Para esquecer alguém

Todo mundo tem alguém de quem quer se esquecer...
Por Rosana Caiado • 10/02/2009

- Quando decidi esquecê-lo, era tarde, eram três da tarde, era esquecer ou passar outras tardes nubladas como aquela, apesar do sol tostando a calçada do lado de fora do apartamento. Abri as cortinas determinada a arrancá-lo do meu peito.

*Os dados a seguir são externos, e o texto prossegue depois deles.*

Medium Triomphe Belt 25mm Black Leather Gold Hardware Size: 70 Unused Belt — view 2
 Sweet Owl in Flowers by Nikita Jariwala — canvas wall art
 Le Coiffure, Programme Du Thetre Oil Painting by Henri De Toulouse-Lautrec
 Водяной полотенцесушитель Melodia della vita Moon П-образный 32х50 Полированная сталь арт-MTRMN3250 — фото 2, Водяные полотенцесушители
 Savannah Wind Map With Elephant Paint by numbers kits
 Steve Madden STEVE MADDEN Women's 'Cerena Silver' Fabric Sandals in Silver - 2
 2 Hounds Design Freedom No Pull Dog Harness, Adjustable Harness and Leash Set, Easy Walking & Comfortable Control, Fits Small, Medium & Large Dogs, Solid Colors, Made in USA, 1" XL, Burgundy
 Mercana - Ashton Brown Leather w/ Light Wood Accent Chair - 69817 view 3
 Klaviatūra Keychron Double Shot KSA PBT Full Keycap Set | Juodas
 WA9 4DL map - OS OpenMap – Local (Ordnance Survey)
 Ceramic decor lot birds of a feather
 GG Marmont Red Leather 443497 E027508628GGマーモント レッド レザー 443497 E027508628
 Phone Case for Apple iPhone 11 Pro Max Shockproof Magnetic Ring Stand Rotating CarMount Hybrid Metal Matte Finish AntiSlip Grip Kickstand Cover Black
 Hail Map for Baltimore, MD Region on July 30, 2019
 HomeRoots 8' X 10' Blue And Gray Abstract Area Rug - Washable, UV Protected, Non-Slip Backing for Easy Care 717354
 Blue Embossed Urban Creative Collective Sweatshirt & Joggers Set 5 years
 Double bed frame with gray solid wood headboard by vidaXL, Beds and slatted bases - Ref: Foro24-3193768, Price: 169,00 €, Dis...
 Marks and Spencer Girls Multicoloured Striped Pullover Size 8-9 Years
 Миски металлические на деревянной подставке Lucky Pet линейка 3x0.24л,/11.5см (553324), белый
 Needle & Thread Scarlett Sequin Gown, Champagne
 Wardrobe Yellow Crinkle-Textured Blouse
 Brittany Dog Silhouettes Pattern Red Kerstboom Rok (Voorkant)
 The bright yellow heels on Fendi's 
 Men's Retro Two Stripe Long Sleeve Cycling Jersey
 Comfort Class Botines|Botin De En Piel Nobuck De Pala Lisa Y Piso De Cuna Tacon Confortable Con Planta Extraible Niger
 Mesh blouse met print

"A primeira providência foi a mesma das heroínas de novela: tirar as fotos dos porta-retratos. A diferença é que as mocinhas das oito rasgam as fotografias, para, nos últimos capítulos, colá-las com fita adesiva. Preferi guardar todas elas (não eram poucas) dentro de uma caixa de papelão, que não podia ter motivos alegres (florzinhas) ou tristes (chapado em preto), mas sim uma aparência neutra (listras azuis e verdes), onde guardei também um punhado de cartas, cartões e bilhetes amarrados com barbante. A caixa era alta, do tamanho de uma gaveta, porque ele sempre foi um homem carinhoso em palavras escritas e também porque nossas fotos eram muitas, inúmeros flagrantes de momentos de paixão que talvez não se tenha notícia novamente ao redor do mundo. Mas não convém tocar nesse assunto, pelo risco de recaídas."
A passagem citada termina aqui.